## [Data to process]
====

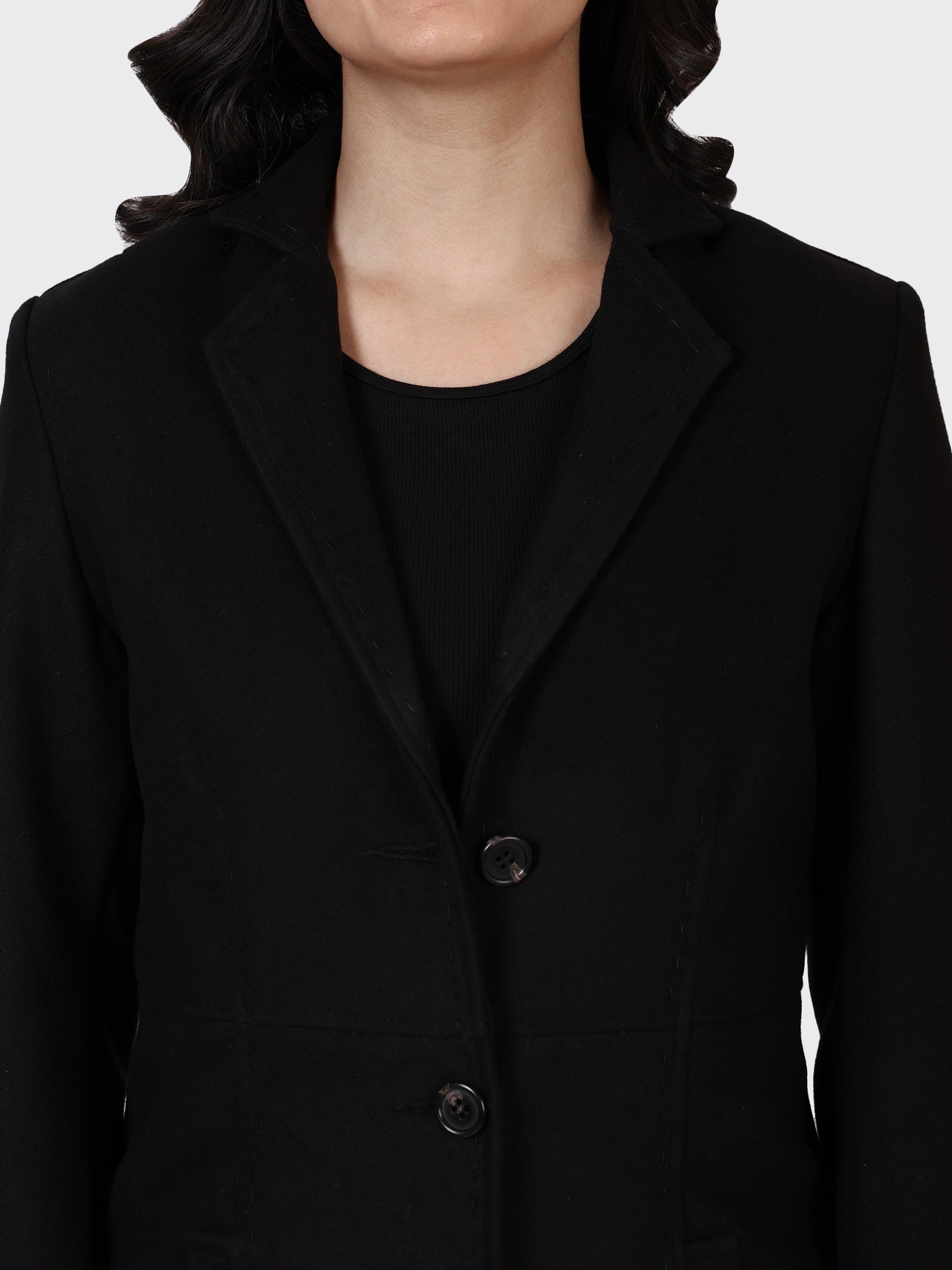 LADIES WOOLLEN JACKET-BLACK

====

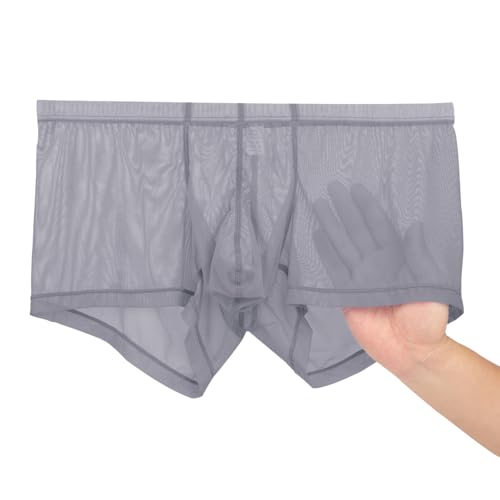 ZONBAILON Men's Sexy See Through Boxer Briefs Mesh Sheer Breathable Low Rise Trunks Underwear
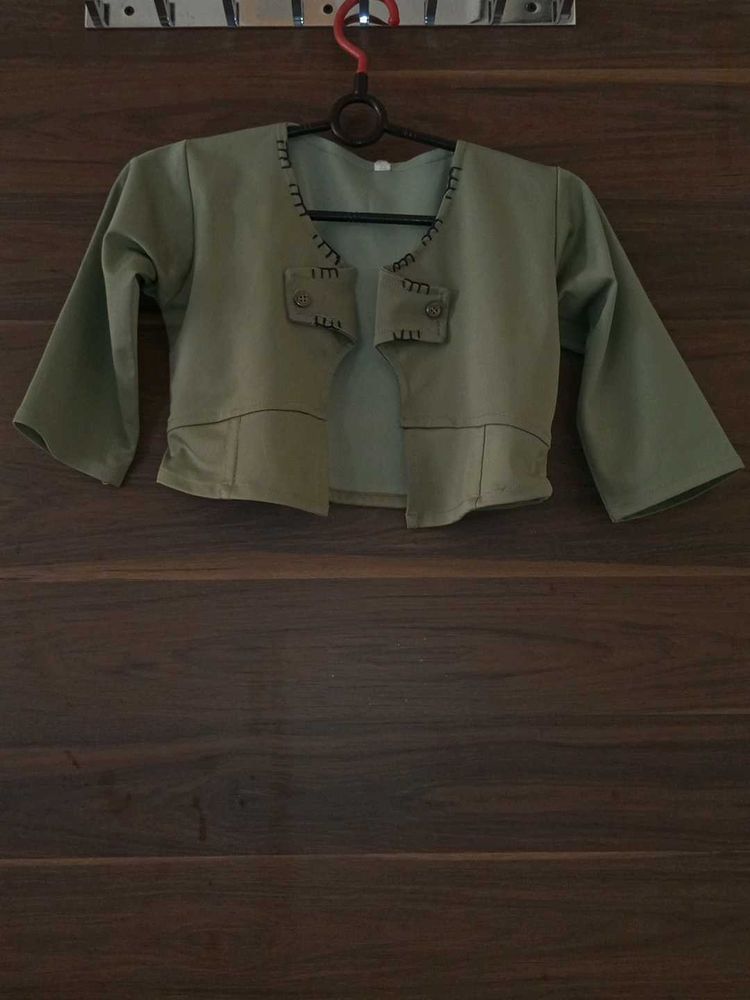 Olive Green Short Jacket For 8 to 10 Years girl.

====

## [Exercise requirements]
Print exactly the lines above that run from the one with "ZONBAILON Men's Sexy" to the one with "Olive Green Short", both included. No pictures.

## [Exercise output]
 ZONBAILON Men's Sexy See Through Boxer Briefs Mesh Sheer Breathable Low Rise Trunks Underwear
 Olive Green Short Jacket For 8 to 10 Years girl.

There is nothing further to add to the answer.